In order to play a role in high tech on a global scale it is important to co-operate where possible. The Rathenau Institute calls for more coordination between the various Dutch research centers, in order to keep the competitive advantage our country has (see report “R&D goes Global”). Campuses that are active in the same topic area (such as high tech or food) can best align their strategic and operational choices according to the survey.
Such cooperation is already in place for the two Eindhoven campuses according to Bert-Jan Woertman (marketing director High Tech Campus Eindhoven) and Steef Blok (director Innovation Lab TU/e). Blok: “Our common goal is to make the region flourish. The TU/e focuses on the startup campus, while HTCE focuses on the growing techno businesses. One example is Smart Photonics, a TU/e spin-off that is (also) located on the HTCE. Smart Photonics can best grow there so why would we as shareholders keep this company on the TU/e campus? ”
Woertman points out that there already is heavy traffic between the two campuses. “Both structurally and incidentally we complement each other. Just look at how many students, graduates and doctoral students are at work on the HTCE. When a TU/e professor gives a lecture on our High Tech Campus, he takes some students with him. And if validation is required for research at TU/e, it can almost always take place here. All those connections lead to more and more activity on both sides. The partnership draws new activities everytime.”
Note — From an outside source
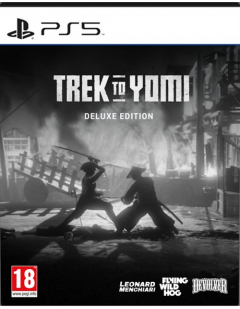 Trek to Yomi Deluxe Edition - PlayStation 5
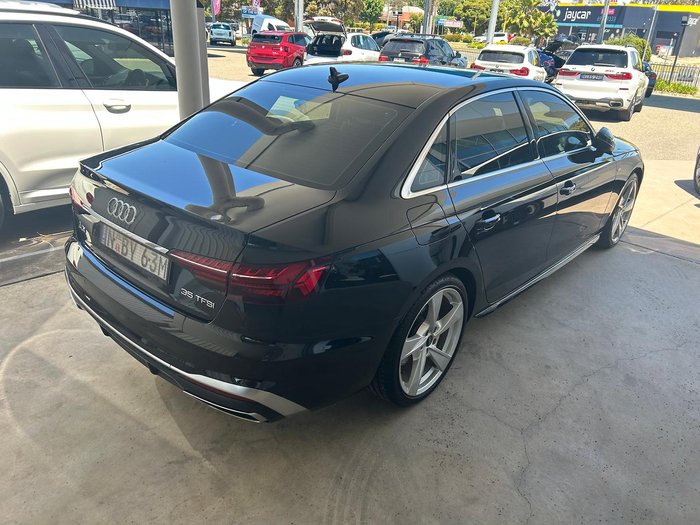 2023 Audi A4 35 TFSI S line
According to Blok and Woertman the TU/e campus and HTCE are therefore not standing in each other’s way. They also distance themselves from the recent claims by René Buck (director Buck Consultants) on deingenieur.nl. According to Buck, the two campuses compete due to lack of focus. “On the contrary,” Woertman admits. “We benefit from each other’s success. The way we work is exactly what is good for the Netherlands.”